It's a tale of two U-turns. The Punjab vigilance bureau (VB) first arrested a Punjab Civil Service (PCS) officer for taking bribe and then filed a case closure report citing "no evidence". After the court rejected the report, the VB has now sought the state government's sanction to prosecute the accused.
The VB had arrested TK Goyal, then joint secretary in the Scheduled Castes/Backward Classes (SC/BC) welfare department, in September 2010 under sections 7 and 13(2) of the Prevention of Corruption Act. He was caught red-handed in his office at the civil secretariat here while accepting Rs 50,000 as bribe from a complainant. As per the latter's complaint, Goyal had demanded Rs 1 lakh for issuing him an SC certificate.
Goyal, who was released on bail within 13 days of his arrest, filed an application with then VB chief director Sumedh Singh Saini (now director general of police, Punjab), pleading innocence.
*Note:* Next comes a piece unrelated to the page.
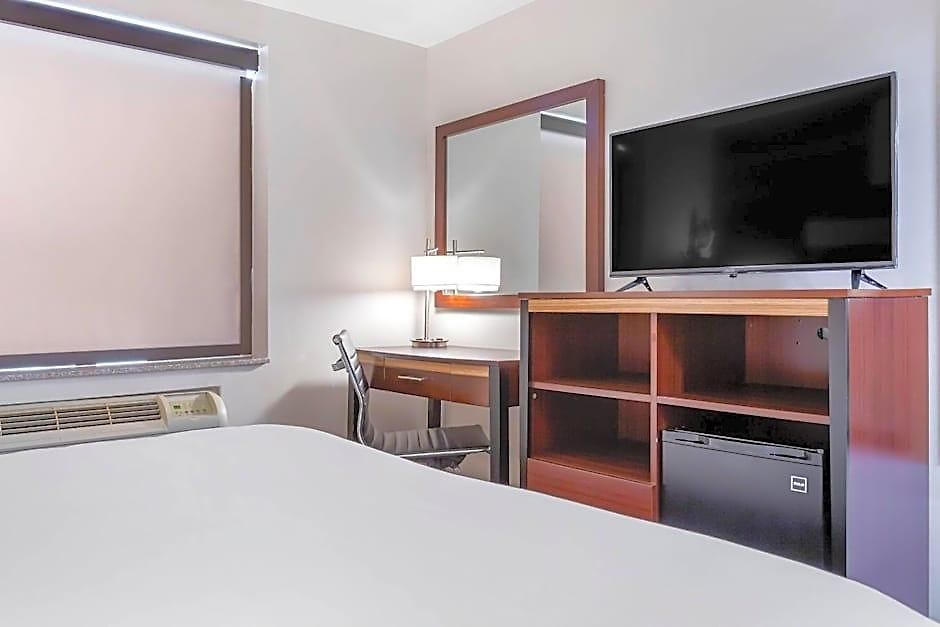 Hotel Avion Near Lga Airport, An Ascend Collection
The VB authorities submitted a case closure report in the SAS Nagar court on March 3, 2012, claiming that there was no evidence against the accused.
Rejecting the report on November 3, 2012, the court said, "When the VB has found that the raid conducted was successful, the cancellation report should not have been presented on the ground that the 'motive for demand of bribe is weak'."
The court also observed, "Once the VB has declared that its raid is successful, they should have referred the matter to the competent authority for obtaining sanction for prosecution of the accused."
The VB, which was then directed to conduct further probe into the matter, has now concluded that the documents on the basis of which the cancellation report was drafted were "tampered with".
A senior VB officer confirmed that the bureau had written to the senior superintendent of police (SSP), Chandigarh, to lodge an FIR against Goyal for allegedly fabricating documents and misleading the VB in order to get the case closed.
As per the cancellation report, Goyal had submitted a document in which a committee of the SC/BC welfare department had denied the issuance of the SC certificate to the complainant on August 26, 2010, a fortnight before the officer's arrest.
During the court proceedings, the complainant had challenged the report as "wrong and illegal", pointing out that the space for signatures of two of the three panel members deciding the issuance of the SC certificate was blank and left unsigned. Upholding the observation, the court had rejected the report.